Non è chiaro perchè De Luca fornisca quella cifra, dato che qualche pagina dopo spiega che i debiti oggetto di abbattimento sono stati “solo” 14 milioni, più tre milioni stralciati perchè prescritti, e 16 sono stati rateizzati fino al 2033. Non solo: Cateno De luca aveva stabilito di proporre al consiglio comunale di dichiarare il dissesto finanziario se entro il 31 dicembre 2018 non fossero stati sottoscritti gli accordi con numero di creditori di almeno il 70% dell’intera massa debitoria. Cosa che ovviamente non è avvenuta. Ma nemmeno lontanamente. La giustificazione è che “stante il perdurare del silenzio istituzionale legato alla trattazione istruttoria del piano di riequilibrio 2014-2033 del Comune di Messina, hanno determinato una nuova necessaria strategia temporale per la conclusione delle citate attività”.

Per quanto riguarda la finanza derivata, secondo la tabella la situazione si è risolta con l’accordo con la banca Dexia, anche se c’è chi pensa che la scelta di andare a transazione è stata sbagliata: si tratta di Giuseppe Cannizzaro, esperto in derivati, che nel 2016 aveva trionfalmente chiuso un contratto “gemello” con Bnl, a condizioni molto migliori.

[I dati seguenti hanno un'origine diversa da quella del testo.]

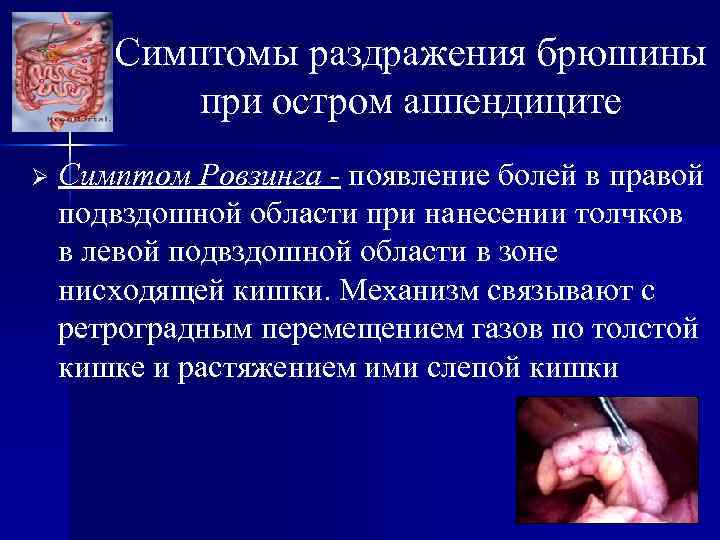 Симптомы раздражения брюшины при остром аппендиците Ø Симптом Ровзинга - появление болей в правой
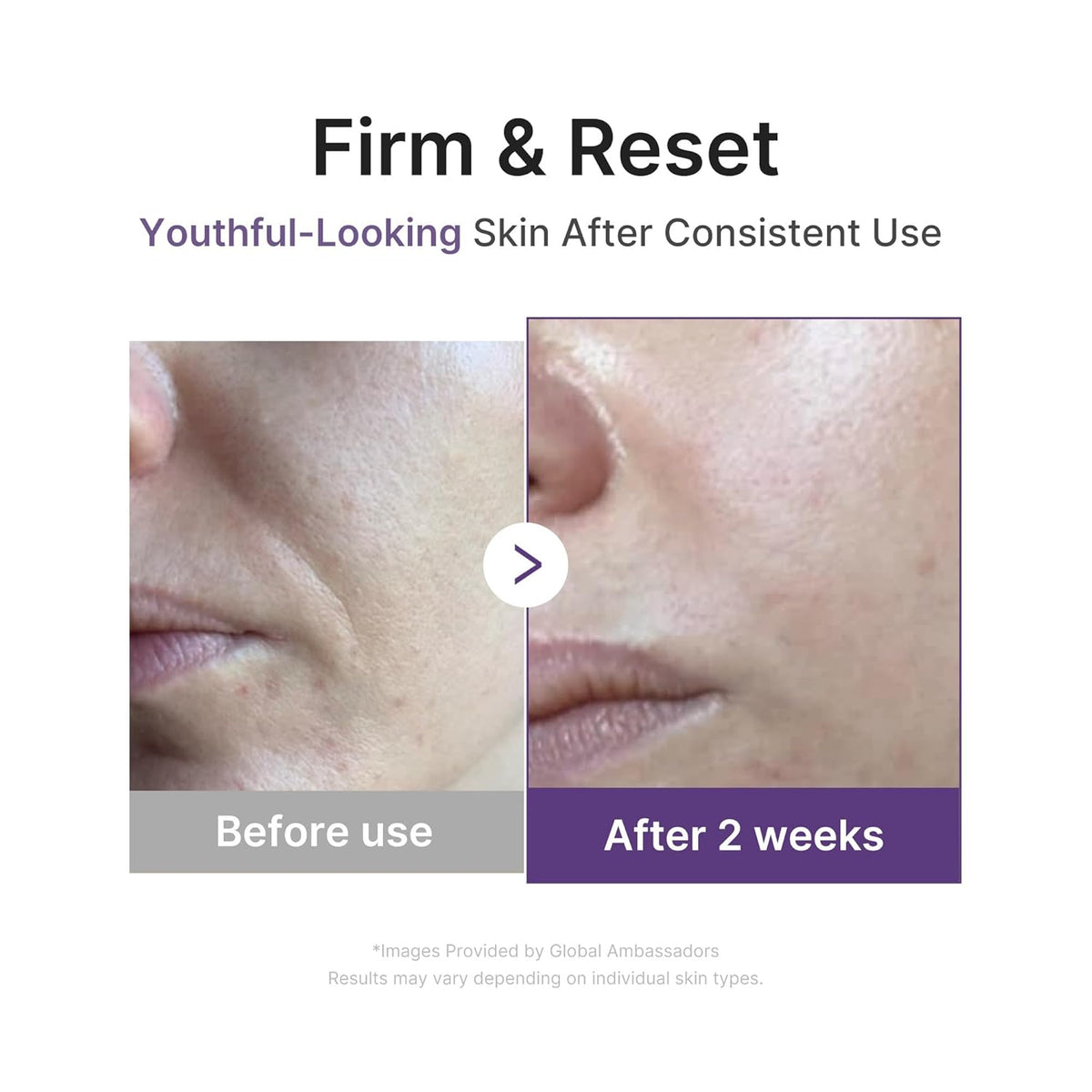 Firm and reset: before and after cheek photos showing youthful-looking skin after two weeks of consistent use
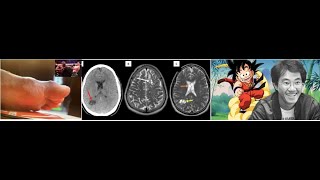 Défaite de Doumbé VERRE dans le pied mort de Toriyama CERVEAU homme avec VERS dans le CERVEAU [upl. by Kym]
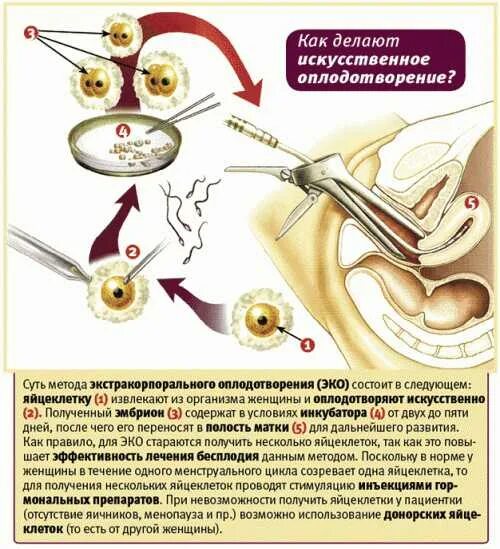 Как происходит искусственное оплодотворение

Poi ci sono i 132.351.958,58 derivanti dalle partecipate. Che tanti erano e tali sono rimasti, perchè, spiega la relazione, “l’Ente non ha l’obbligo di farvi fronte in costanza delle procedure previste dalla normativa societaria”. Non solo. “Si può affermare che l’entità della massa debitoria riconducibile ai debiti delle società partecipate e censita nel PRFP deve essere considerata espunta poiché non costituisce massa passiva per l’Ente proprio a seguito delle attività svolte da questa amministrazione. A ciò si aggiunge, alla luce della normativa vigente, che il Comune non deve pagare i debiti delle società partecipate in considerazione degli acclarati orientamenti giurisprudenziali  in merito all’ormai sancito divieto di soccorso finanziario dell’ente nei confronti delle sue società partecipata”.

Traduzione, il comune abbatte la massa debitoria delle partecipate semplicemente con un colpo di penna.

Infine, una mossa di lungimiranza: il comune di Messina ha chiesto di poter usufruire del “fondo di rotazione”, riservato agli enti in stato di predissesto, che per Messina coincidono con un “prestito” da poco meno di 70 milioni: a ottobre del 2019 il Governo ha erogato la prima tranche da 50%, cioè 34 milioni e 636mila euro. Somma che, spiega De Luca, “non è stata ancora utilizzata dall’Ente ed appositamente vincolata nell’attesa che si abbia la conferma definitiva che si potrà far fronte al pagamento dell’intera massa debitoria con entrate di cassa proprie ed evitare di lasciare ulteriori debiti alle future generazioni”.